Because of the replica’s time on camera, painstaking care was taken to mimic the race-leading Le Mans competitor as closely as possible. Superformance’s replica is right-hand drive and, of course, decked in the famous blue and orange livery and period accessories. The car’s also signed by both Charlie Agapiou, Ken Miles’ crew chief in 1966, and Ken Miles’ son Peter, who is also portrayed in the film.
It wasn’t just the aesthetics, though. When creating this hero car, the builders went for broke.
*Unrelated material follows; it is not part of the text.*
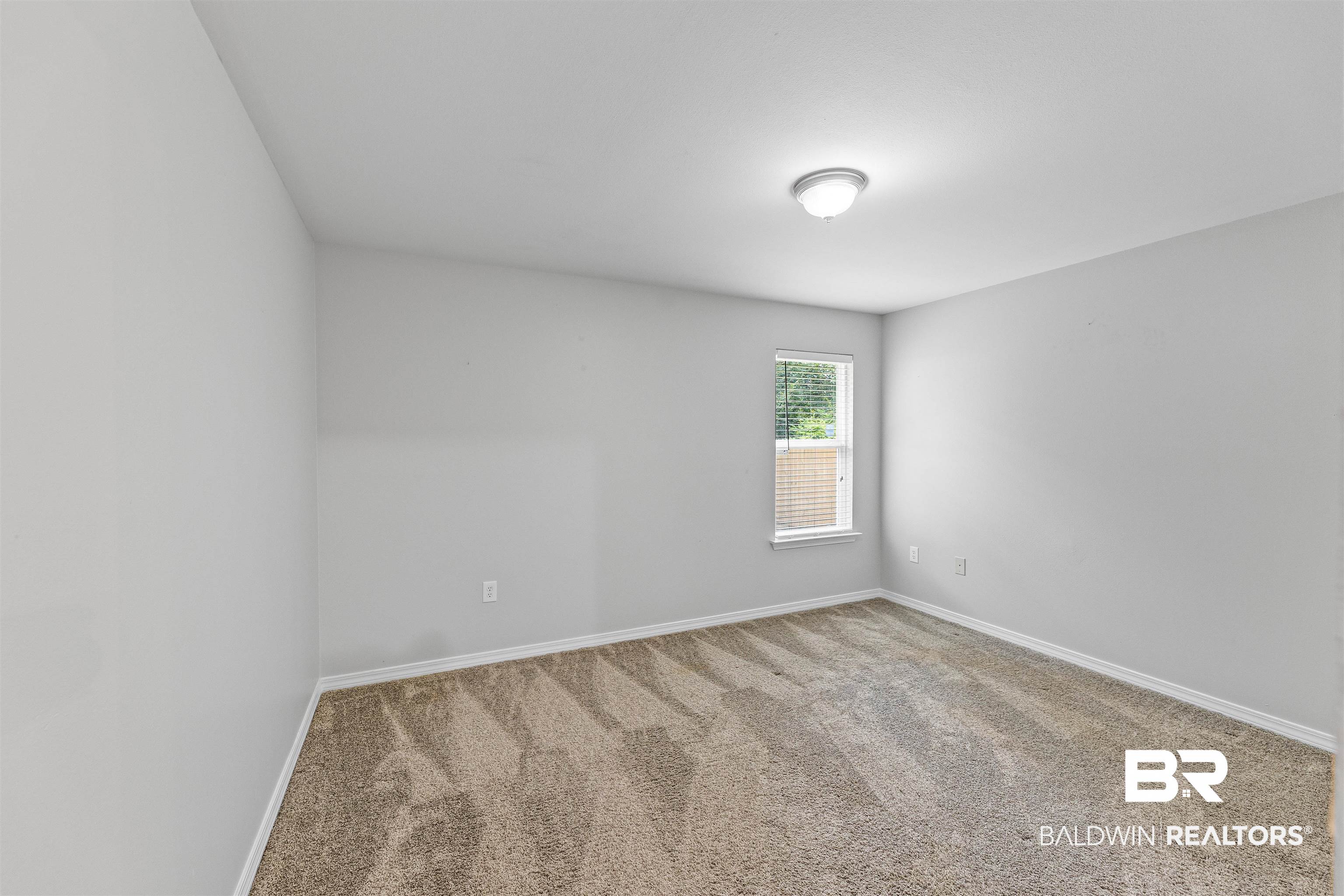 31471 Heidelbrook Loop Daphne, AL 36527 - Photo 19 of 24 Bedroom 4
Pop the hood on a stunt car or any other on-screen Hollywood car built for filming and you’re likely to find a late-model crate engine. More recent engines like this are simple to deal with and readily available, but it just wouldn’t do to have a Chevy LS3 powering the hero car in Ford v Ferrari. The car Ken Miles piloted to a commanding lead in the 1966 24 Hours of Le Mans was powered by a 427-cubic-inch Ford FE “side-oiler,” as were the other two GT40s that made the podium.
Just like in Hollywood, the right casting is important in an engine. Superformance often uses Roush crate engines, and Roush even has a 560-horsepower, 427-cu-in engine that would have been nearly perfect for the role, but that 427 is based on the 351 Windsor small-block. The displacement wasn’t critical, but Ken Miles’ hero car really needed an FE engine to be true to history.
Roush came through with a 600-hp, 511-cu-in, fuel-injected FE with an aluminum block. You can’t see the extra displacement; it just makes itself known with extra torque and horsepower. And boy, does it sing. Individual throttles feed CNC-ported aluminum cylinder heads through big valves opened by a roller cam, and the exhaust is the well-known GT40 “bundle of snakes.” That characteristic exhaust groups the exhaust primaries for cylinders 1-4-6-7 and 2-3-5-8 into two collectors so that each collector sees an exhaust pulse every 180-degrees of engine rotation, getting the exhaust-scavenging benefit of a flat-plane crankshaft without the drawbacks of its balancing. It’s safe to say that Ken Miles would have loved an engine this power-dense and light.
Mecum hasn’t estimated what this replica might sell for, and our own Hagerty valuation experts aren’t quite sure what to expect either. Good GT40 continuation cars can bring more than $100,000, and the fact that Superformance GT40s are eligible for the Shelby Registry could also encourage buyers. Valuation specialist Greg Ingold added, “I’d certainly expect the hero car to bring more, especially with the hype of the film.”
According to early reviews, the film does deliver on the hype we’ve witnessed all summer, so if you can’t make it to Kissimmee this January, you can at least hear the Roush-powered monster on the big screen.